Newport has 50 active hosts across the city, accommodating 101 guests. The majority of hosts are moving, or have already reached, the 6-month stage of support and the continuation of hosting arrangements after this point have been mixed. A large number of sponsors have ended their support at the 6 month point, as well as a high number of withdrawals from the expression of interest list held for potential sponsors. A recurring reason for this is the rise in living costs and how this will increase further through the coming months.




Currently, ‘thank you’ payments are in line with the standard £350 per month but Newport are revisiting and exploring how support for all stakeholders can be developed moving forward. This includes further options around supporting the move-on phase, for those in a position to do so, into the PRS for guests and mitigating against some of the barriers faced in doing so.





Home for Ukraine- hosts

In common with other local authorities the available unmatched host numbers are becoming stretched by the push to get people out of the network of Welsh Government Welcome Centres. However, in partnership with Blaenau Gwent, Caerphilly have been successfully able to settle families across the border from the Welcome Centres there.


A media campaign has been released, with the support of the Cabinet member, to encourage more local families to come on board as hosts. An amount of spare capacity is needed to be able to manage hosted arrangements coming to and end and the potential for arrivals to end up in temporary accommodation. The efforts of WG over the next few months is to get as many people out of the Welcome Centres as possible due to the escalating cost, a factor which is driving the new payment and refusals policies in Welcome Centres from the 9th of January. Rationalisation and closure of Welcome Centres will place additional burdens on the hosting capacity.
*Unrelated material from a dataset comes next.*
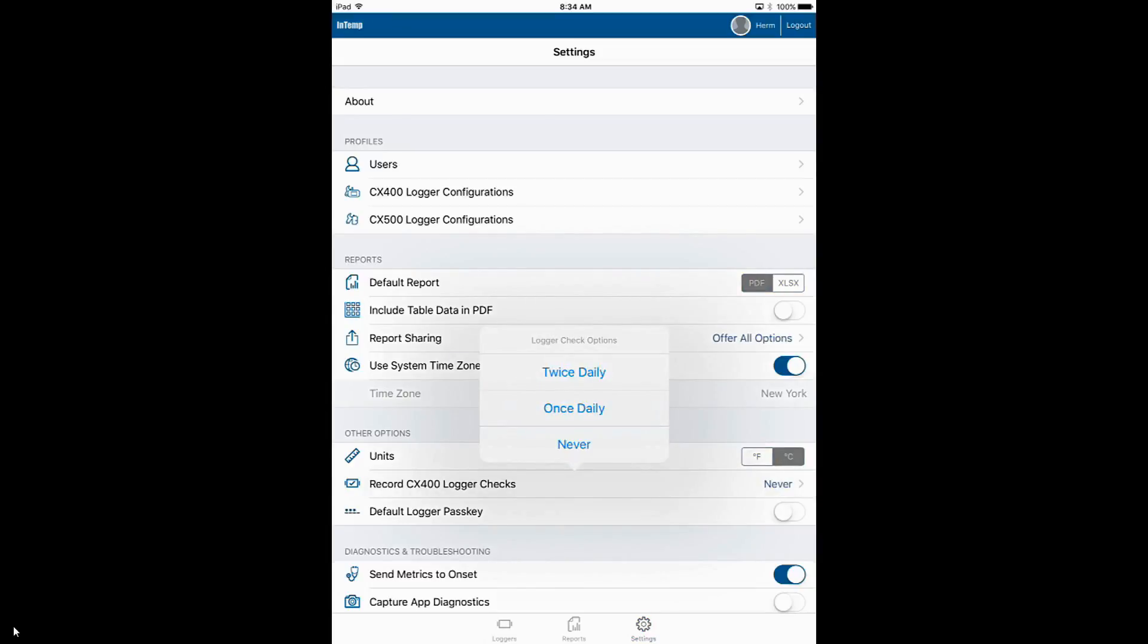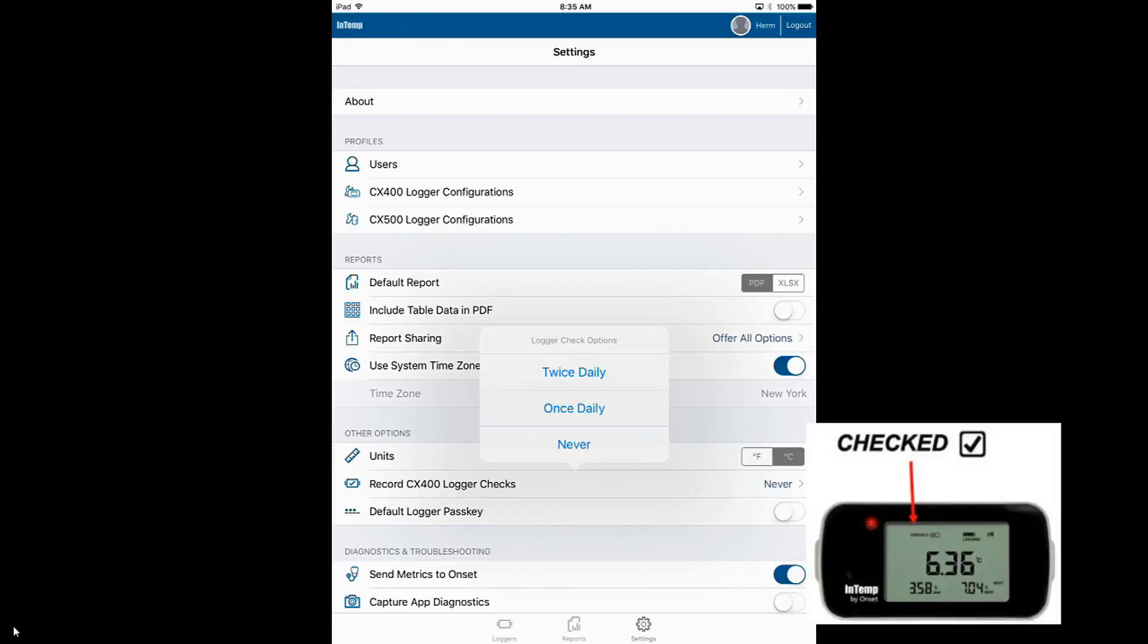So if you're required to physically go and check the storage area once a day, you would select Once Daily. That's a user interaction where you would go to the area with your smartphone or tablet, connect to the logger, and tap on Perform Check. I'm going to show you what that looks like in a minute.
Caerphilly are currently supporting 104 arrived guests across 58 sponsors and are actively seeking more hosts to alleviate the pressure in the Welcome Centres and support neighbouring authorities.


The focus going forward is to support and sustain the hosted arrangements as far as it is possible. A £250 to up to the UK Government thank-you payment was implemented in September and hosts have reported that this is enabling them to sustain the arrangement through the current cost-of-living crisis. This additional amount is in place until the end of March 23 and will be reviewed in line with budget considerations.


Movement to the PRS is extremely problematic for the same reasons described by Blaenau Gwent and Torfaen. The competition for PRS properties is intense in a rapidly decreasing market. Many guests would like to sustain their own tenancies but are unable to, given the restrictions that landlords and letting agents are imposing. A support package of rent/bond of approx. £1500, on a case-by case basis, has been agreed but this may not be enough to circumvent the problems.


At the same time as the local authority is seeking PRS properties for Ukrainian arrivals to move-on from hosted arrangements, support is still requested for Afghan and UK Resettlement Scheme arrivals. In addition, the Home Office are actively and aggressively seeking hotel and PRS accommodation for asylum seekers.


At the current time, fortunately, no displaced people arrivals are in temporary accommodation. However, this may alter as available hosts lessen, Welcome Centres close, the PRS availability shrinks, and the cost-of-living crisis increases local populations at risk of homelessness.






Health services continue to undertake initial medical assessments, the blue book assessment for refugees, medical screening, vaccination support and GP registration for any new arrivals. Ongoing health conditions are supported through normal channels.


Transport support from the constituent local authorities was out in place following the last PSB meeting. However, with arrivals slowing, the capacity has met the current need.




Recommendation to the PSB


The Gwent PSB is asked to note the information in this paper.